# Haunted Farm Ideas



## jackg (Aug 18, 2012)

Hi guys, 
I'm doing a Haunted Farm theme this year for my Halloween display...
Any Ideas????


----------



## RoxyBlue (Oct 6, 2008)

Zombie cows


Scarecrows, corn stalks or bales of hay scattered about, crows, a skellie dressed as a farmer and decorated with cobwebs to make it appear he's been dead for a while, old farm implements such as a scythe and sickle. You could incorporate a small grouping of tombstones if you have room - little family plots on private property were common a few generations back.


----------



## jackg (Aug 18, 2012)

*Thanks... I need more!*

Thanks!


----------



## Regions Beyond (Sep 14, 2010)

Some I'd be keen on: scarecrows definitely, with one being a real person in disguise if you go for actual scares: that one seems to be pretty effective usually. 

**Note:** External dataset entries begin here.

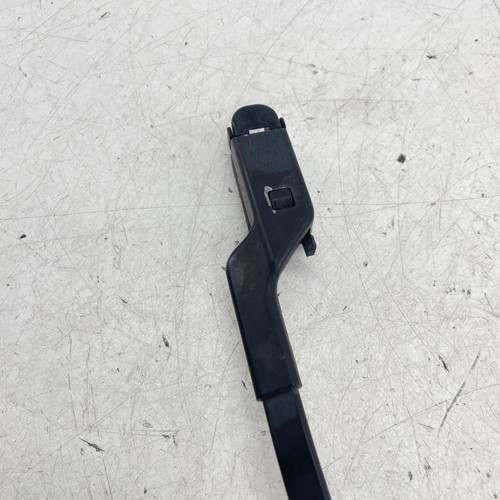 PEUGEOT 3008 MK1 WIPER ARM SET FRONT PAIR 9672059680 9685753780 WINDSCREEN 08-13 - Picture 5 of 14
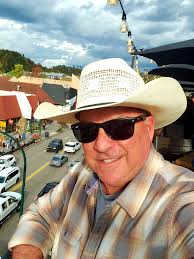 YAY!!!! Cant wait to see new members and meet many people from Hartsville!!!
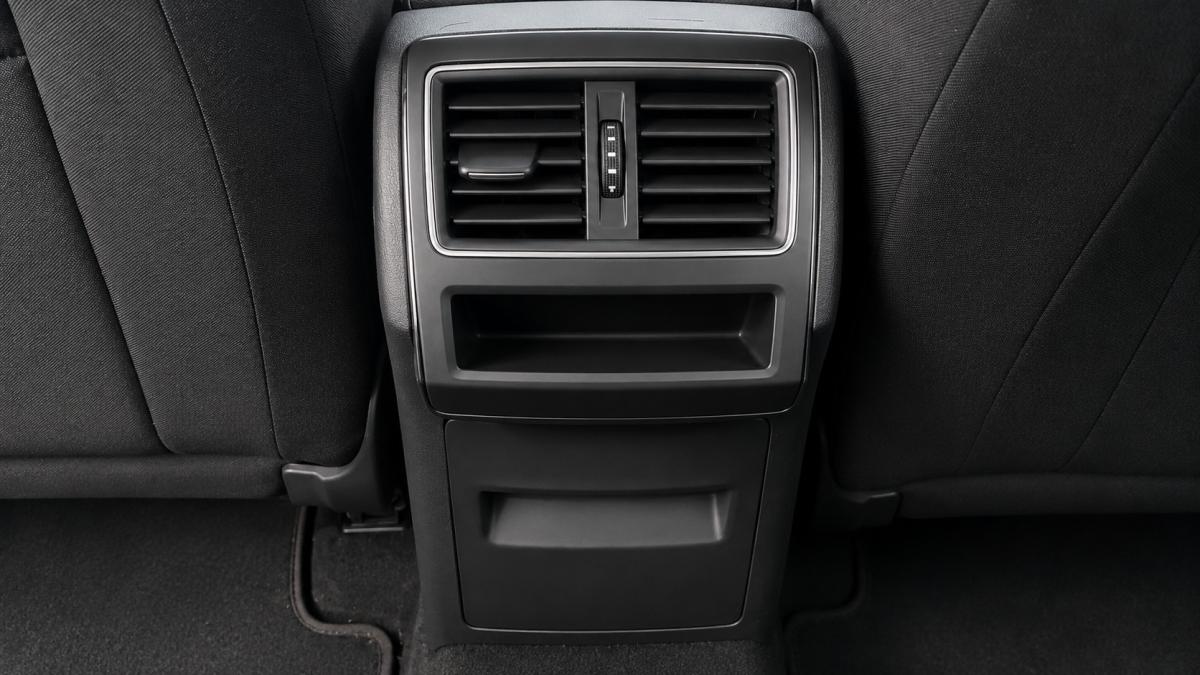 skoda-superb-2021-hibrido-a-gasolina-1498cc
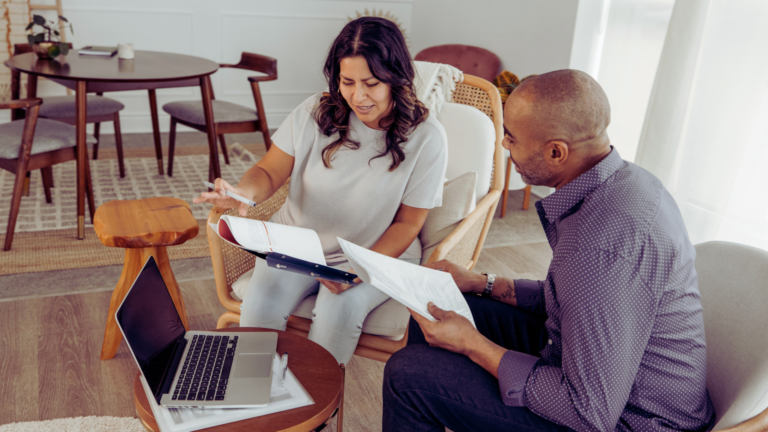 Budget-Friendly Home Upgrades: Transform Your Space Without Breaking the Bank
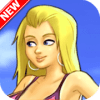 Explore Summertime Saga Guide Walkthrough官方版免费下载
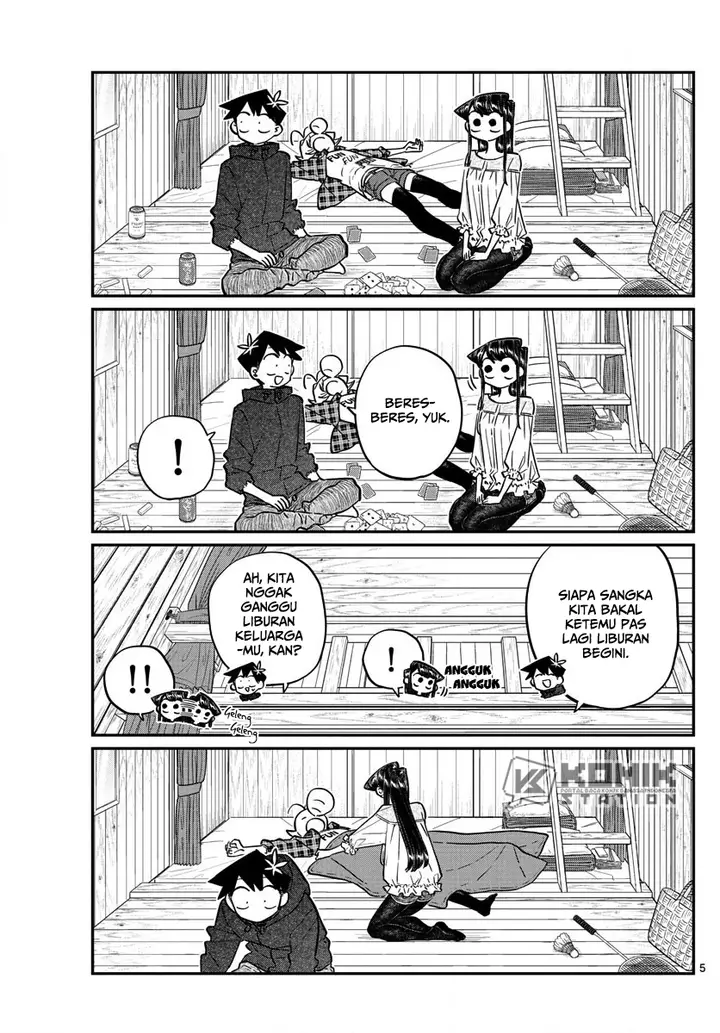image-komik-komi-san-wa-komyushou-desu-chapter-145-6/21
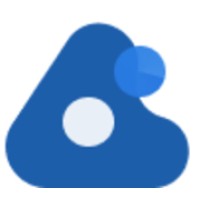 Newtan logo - Similar company to Kitchencook Ca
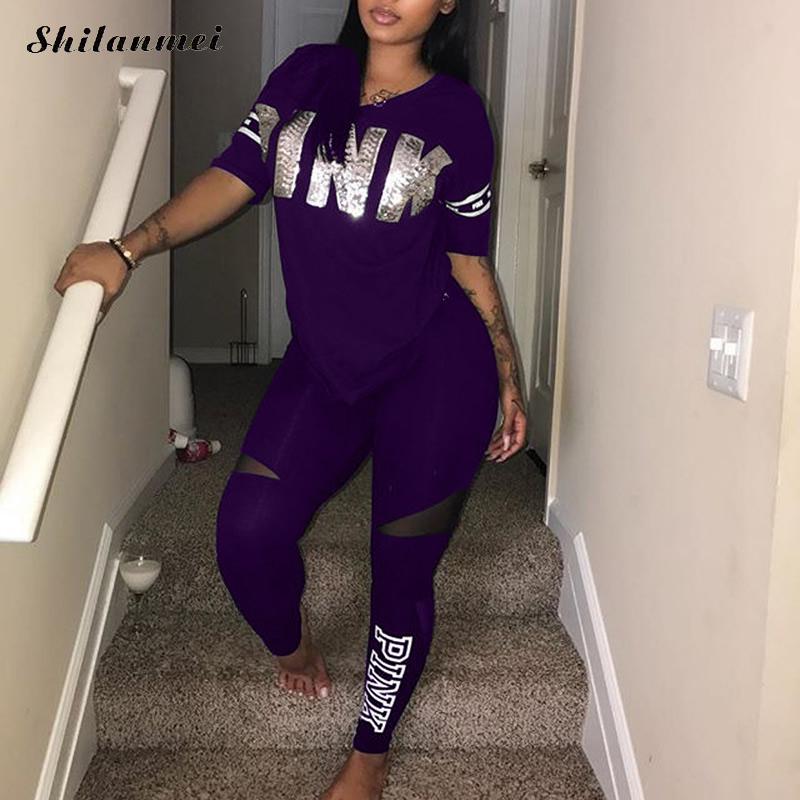 cheap plus size jogging suits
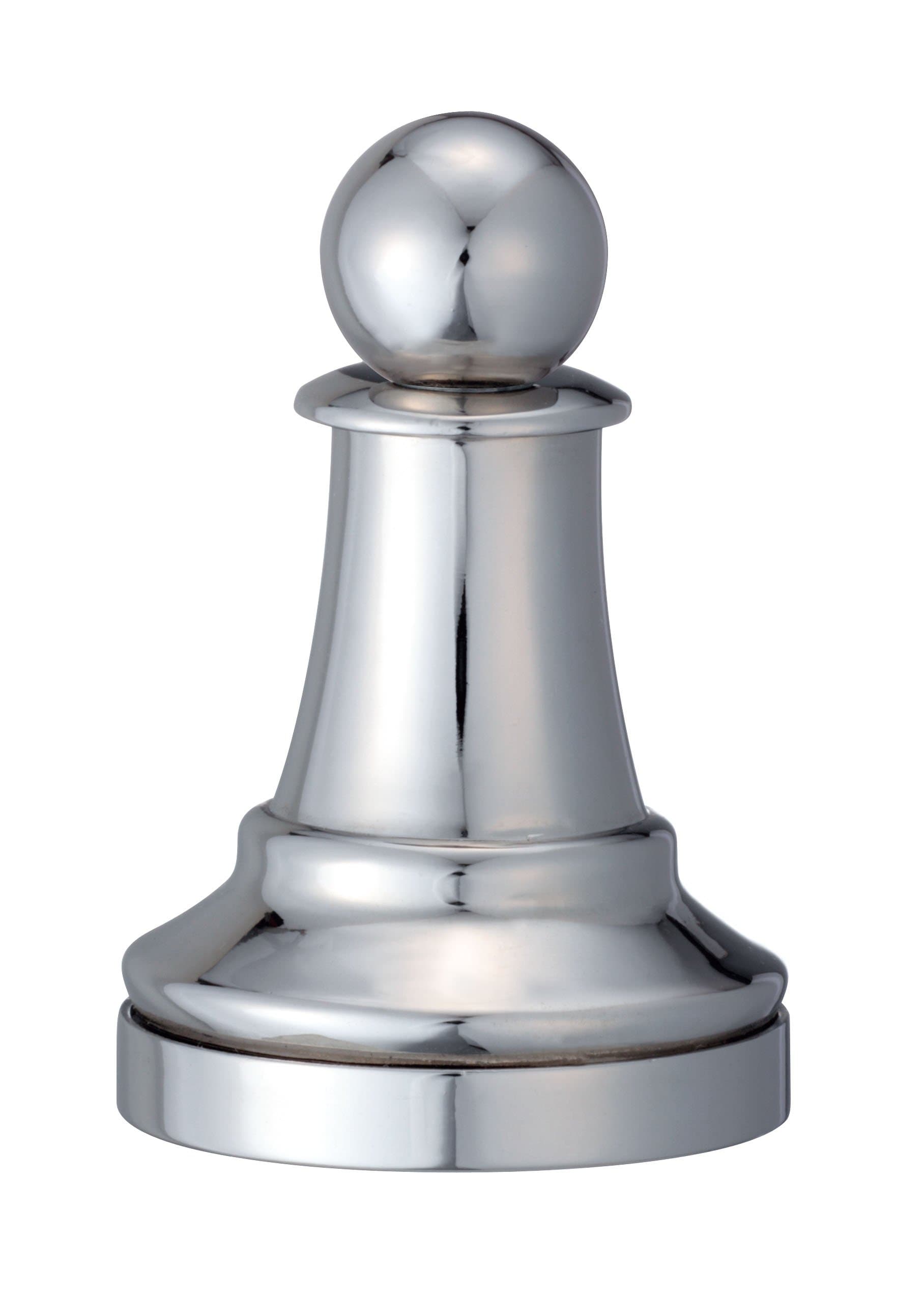 Cast Puzzle Premium Series -Chess Puzzle- Pawn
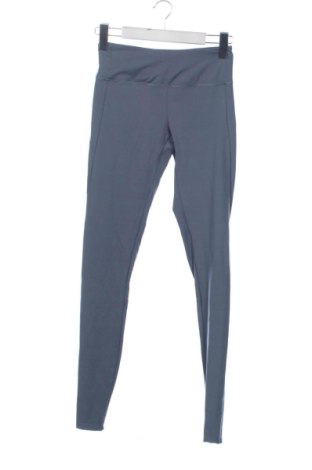Colant de femei Mango, Mărime XXS, Culoare Albastru, Preț 73,49 Lei, #137774570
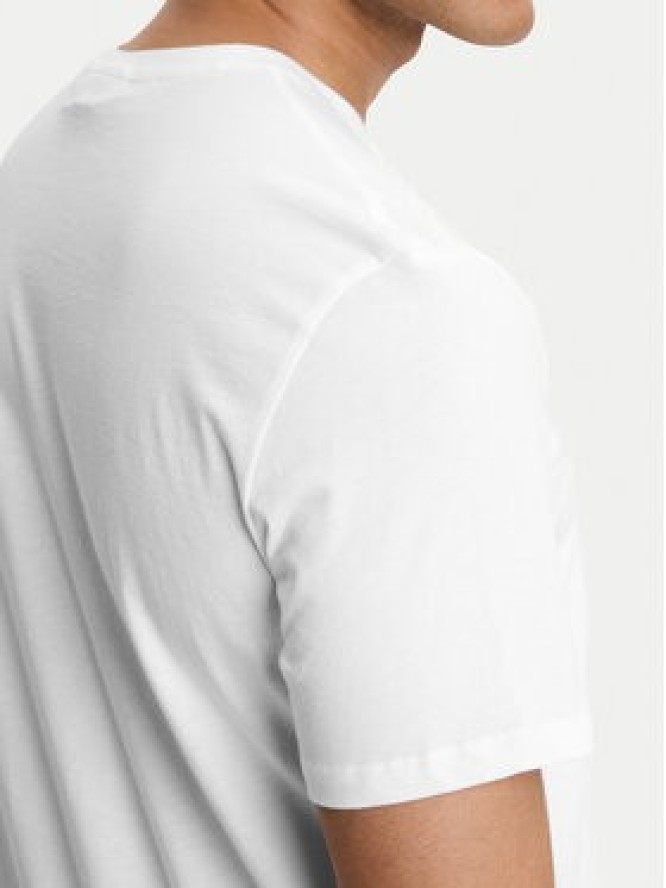 Calvin Klein Jeans Komplet t-shirtów Badge LV04RD248G Kolorowy Regular Fit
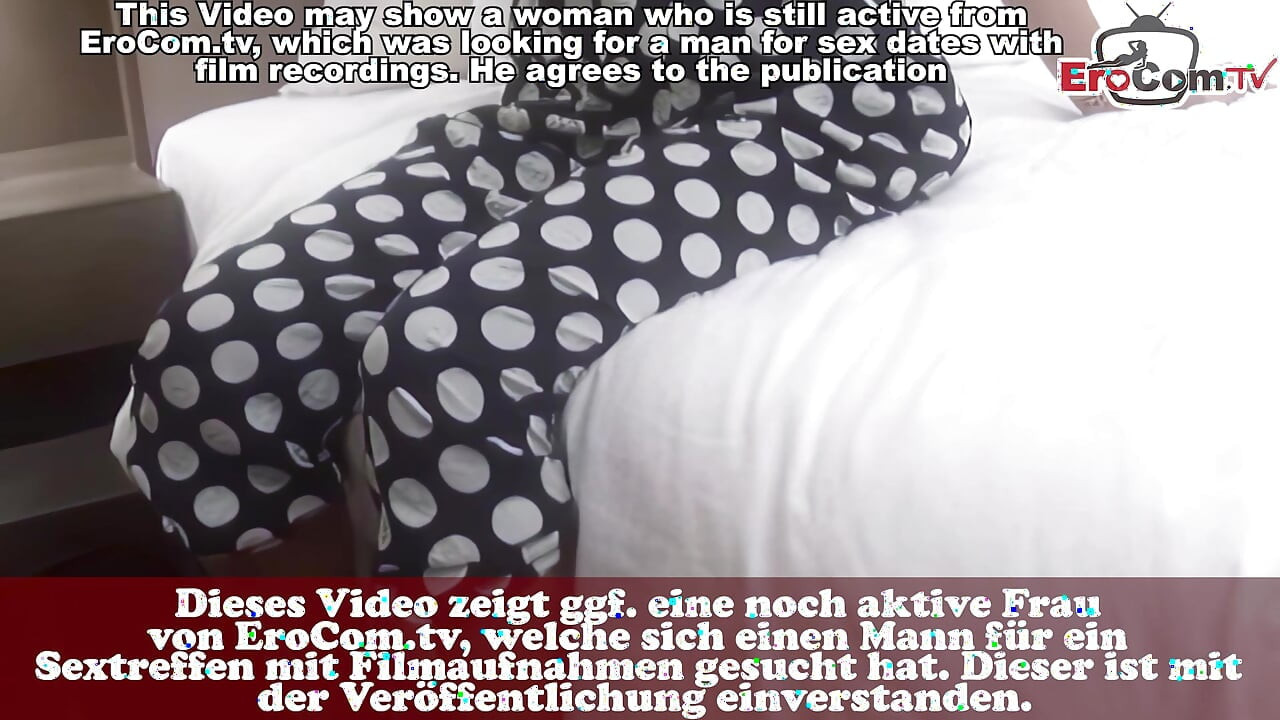 Skinny Thai ladyboy gets anal fucked without a condom and cums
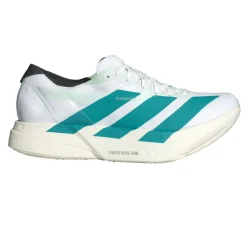 adidas Adizero Adios Pro 4 Men's Laufschuhe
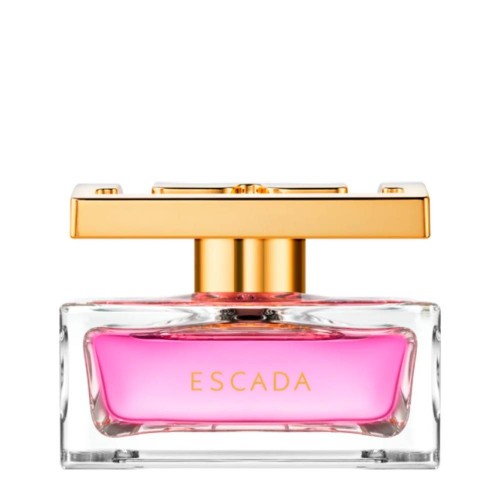 Escada Especially Eau de Parfum 75ml Preço Especial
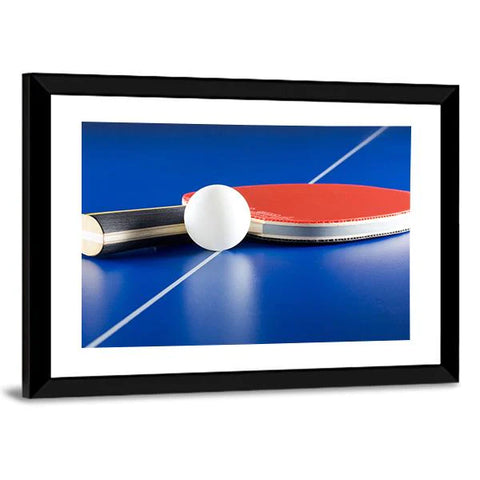 table-tennis-racket-ball-panoramic-canvas-wall-art-tiaracle-3_5000x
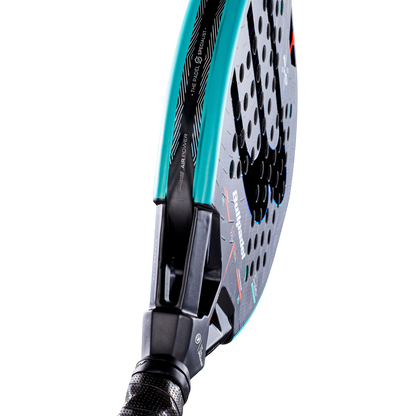 Bullpadel XPLO 02 2027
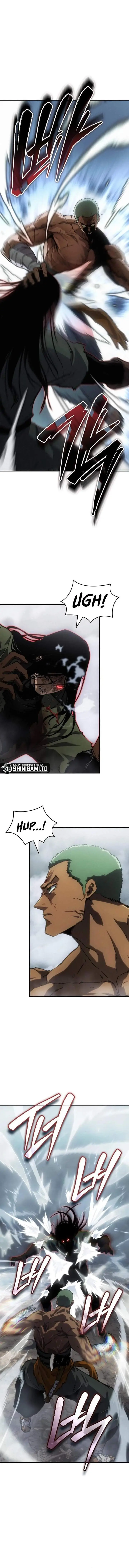 image-komik-record-of-lodoss-war-the-necromancer-queen-chapter-7-8/18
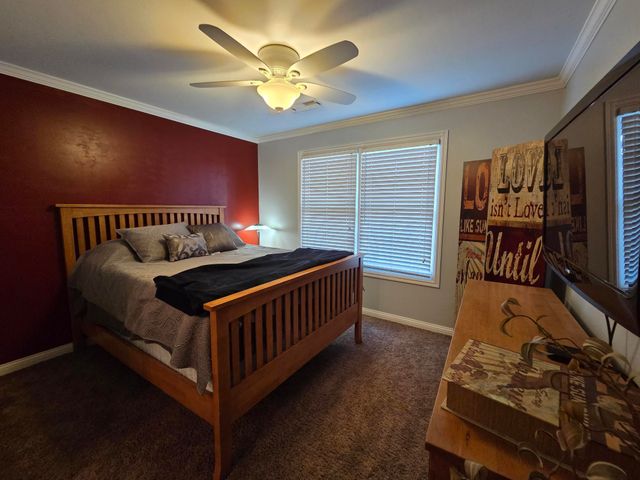 116 Olympia Way, Georgetown, KY 40324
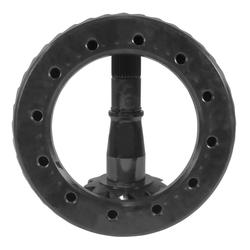 Yukon Gear & Axle YGK2251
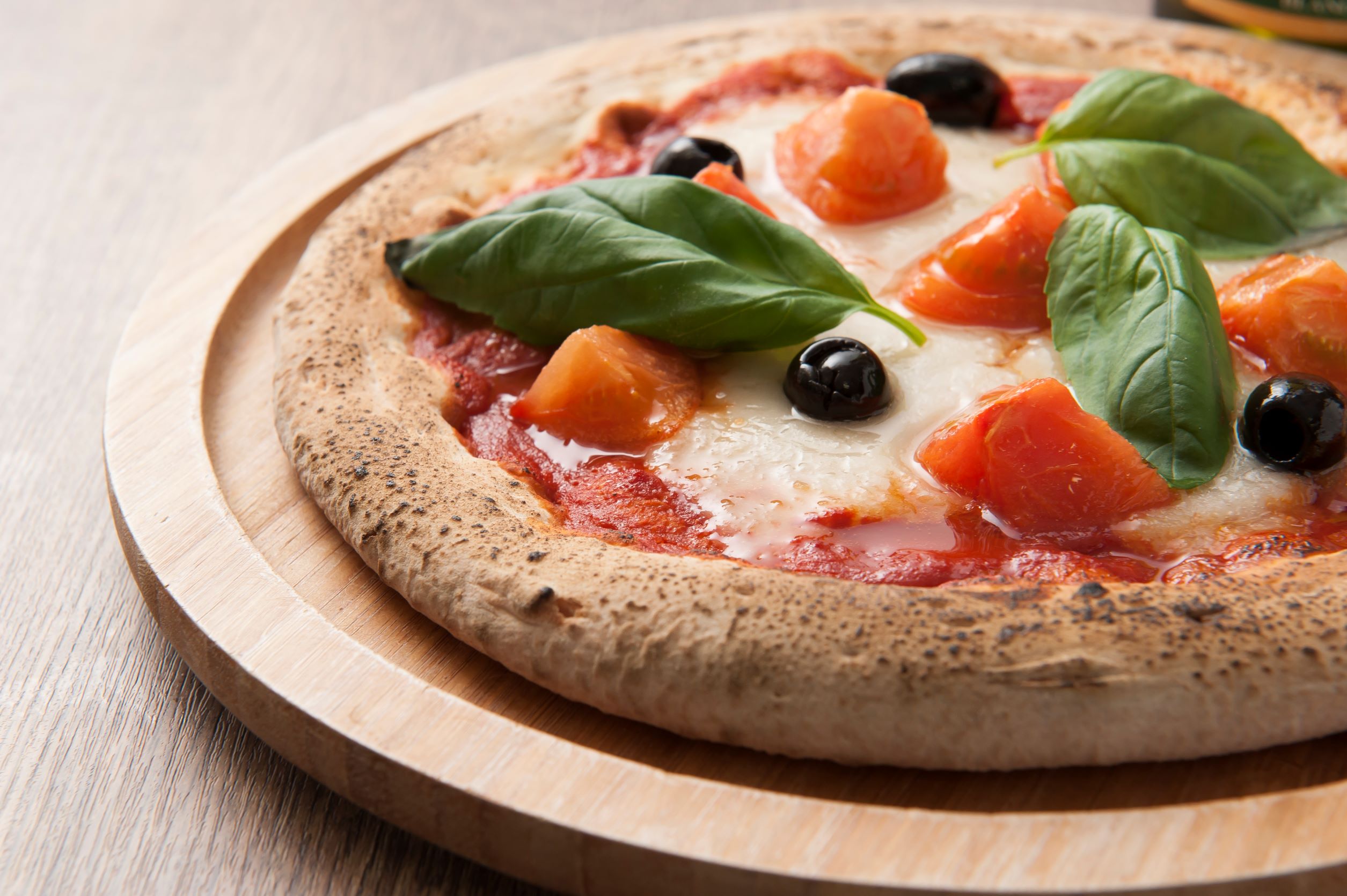 cheese_alternatives__pizza_.jpg Fuji Oil Europe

Maybe a 'entrance' with hay bales and traditional jack o'lanterns set on them. A fake well (must have on old time farms) with some sort of creature or corpse emerging from the top, appearing wet or drowned. Possibly a family dinner scene if there's a 'farmhouse interior' segment....rotted bodies or skeletons covered in cobwebs and decayed food on the table, rats, or rubber maggots on the plates if going more gruesome. 

As for outdoor stuff, cornstalks add atmosphere, as observed.


----------



## Hairazor (Mar 13, 2012)

Regions Beyond has a good idea for an indoor scene but if you don't have a way to do that, you could make it a picnic scene.


----------